◆ Task details: Transcribe word for word each line from the one containing "Vestibular Paroxysmia" to the final line of the data, both included. Skip the pictures.

◆ Data section:
= = = = =

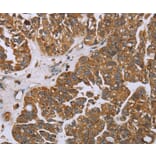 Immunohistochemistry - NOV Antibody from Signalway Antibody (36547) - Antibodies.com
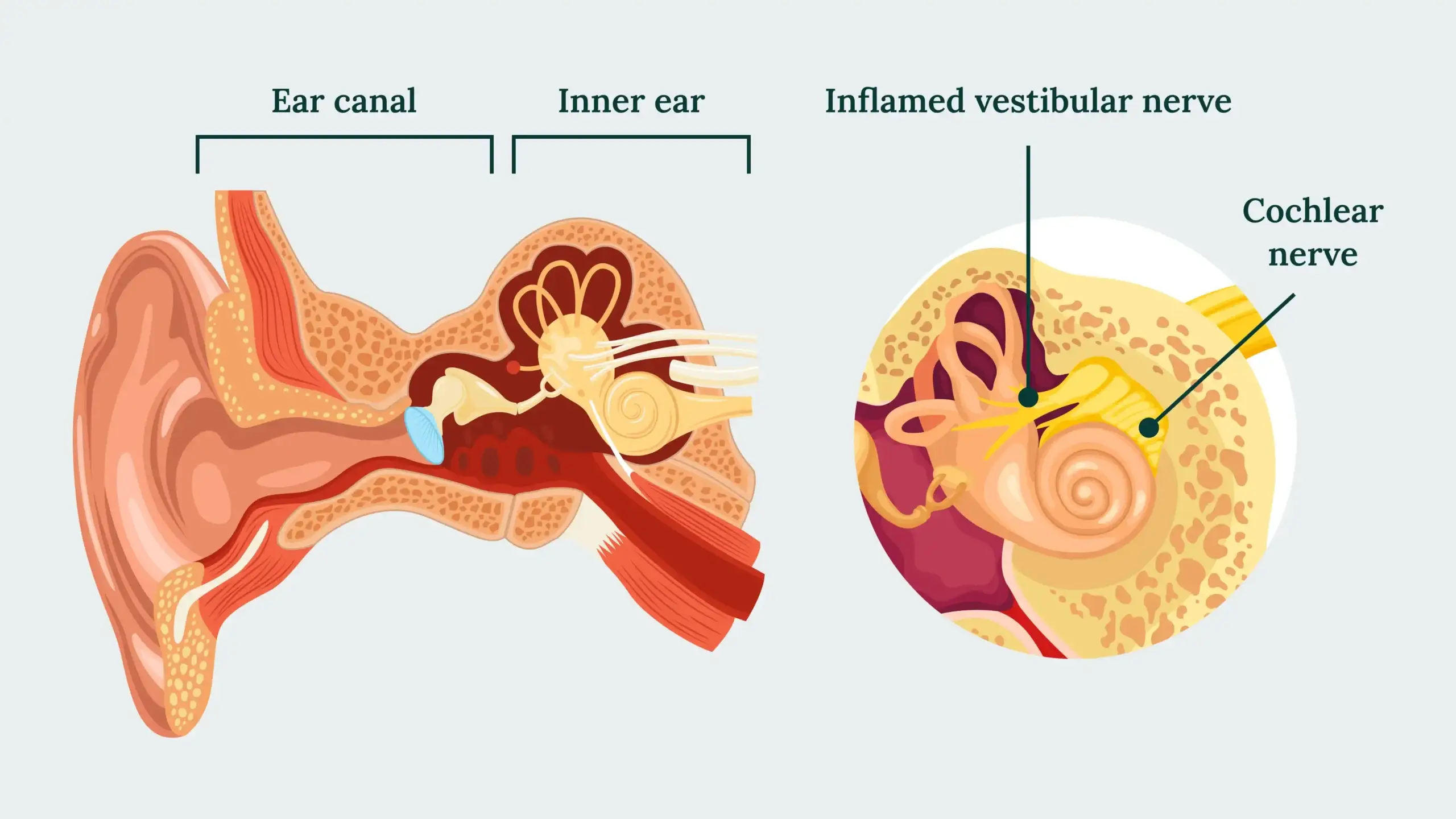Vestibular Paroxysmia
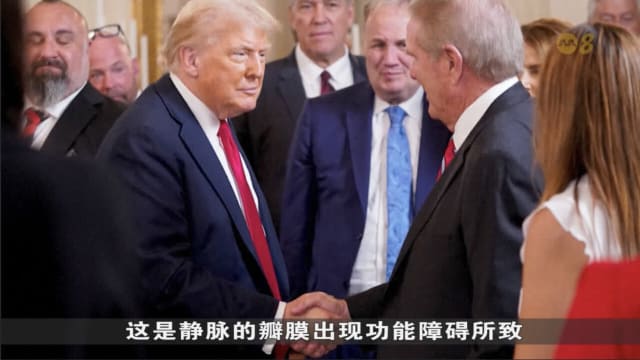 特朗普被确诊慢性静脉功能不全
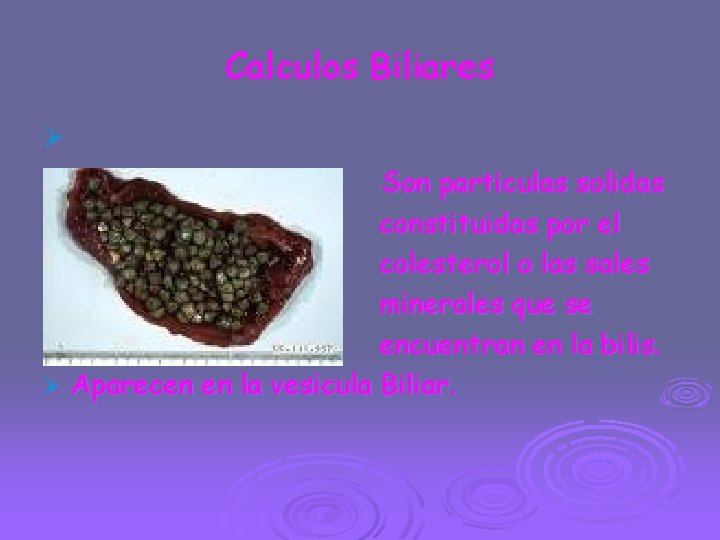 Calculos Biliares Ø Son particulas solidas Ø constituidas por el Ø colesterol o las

= = = = =

◆ Answer box:
Vestibular Paroxysmia
 特朗普被确诊慢性静脉功能不全
 Calculos Biliares Ø Son particulas solidas Ø constituidas por el Ø colesterol o las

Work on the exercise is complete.